Originally Posted by *Tator Tot*


It took a few days. But I'm done now. I've voted and looked at all the logs.


I still haven't had time to look through them all completely. Been too busy at work the last few days.









(reading them at home is painful because of my terrible internet connection. At work we have silly-fast connections to everything.)


----------



## Chipp

Quote:


Originally Posted by *manifest3r* 
I don't really get the hand facing upwards :/

fixed


It was largely done so we could play with the integration into the site layout - the hand is supposed to look as though it is extending out of the black bar below it. We try to have a little fun with it, sorta like the Chimp Challenge chimp is supposed to look like he is reclining against the 't' in .net.


----------



## Sparhawk

Quote:


Originally Posted by *Chipp* 
It was largely done so we could play with the integration into the site layout - the hand is supposed to look as though it is extending out of the black bar below it. We try to have a little fun with it, sorta like the Chimp Challenge chimp is supposed to look like he is reclining against the 't' in .net.

The latest build of opera doesn't render the graphic properly and it shows up a few pixels south of where you designed it to rest. Chrome and IE seem fine with it.









Exhibit A:


----------



## wolfy87

mmm...nice...got to check it out completely...

hope syrilian made something extraordinary again...


----------



## Chipp

Quote:


Originally Posted by *Sparhawk* 
The latest build of opera doesn't render the graphic properly and it shows up a few pixels south of where you designed it to rest. Chrome and IE seem fine with it.









Exhibit A:









Hmm, that is odd - is that the latest stable release, or a daily build/test release?


----------



## Sparhawk

Quote:


Originally Posted by *Chipp* 
Hmm, that is odd - is that the latest stable release, or a daily build/test release?

Version
10.60

Build
3445

EDIT: just submitted a "site problem" to the opera developers.


----------



## Tator Tot

Quote:



Originally Posted by *Chipp*


Hmm, that is odd - is that the latest stable release, or a daily build/test release?
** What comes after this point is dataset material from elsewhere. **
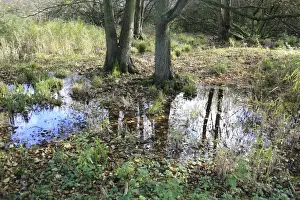 Damp Prints: Common Oak (Quercus robur) and Common Alder (Alnus glutinosa) growing in alder carr wet woodland habitat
It's just a site with 10.60's rendering. Which is slightly out of place. The Latest News box also extends to the farthest point of a topic's title. And not limited to the pixel limitation.

This should be fixed soon though. Nothing you guys can do I don't think.


----------



## IEATFISH

Bump, has everyone seen this AND voted? I think not.

edit: GASP, it's over. fail. Wish we would have had a better turn out.







There were some truly amazing mods.


----------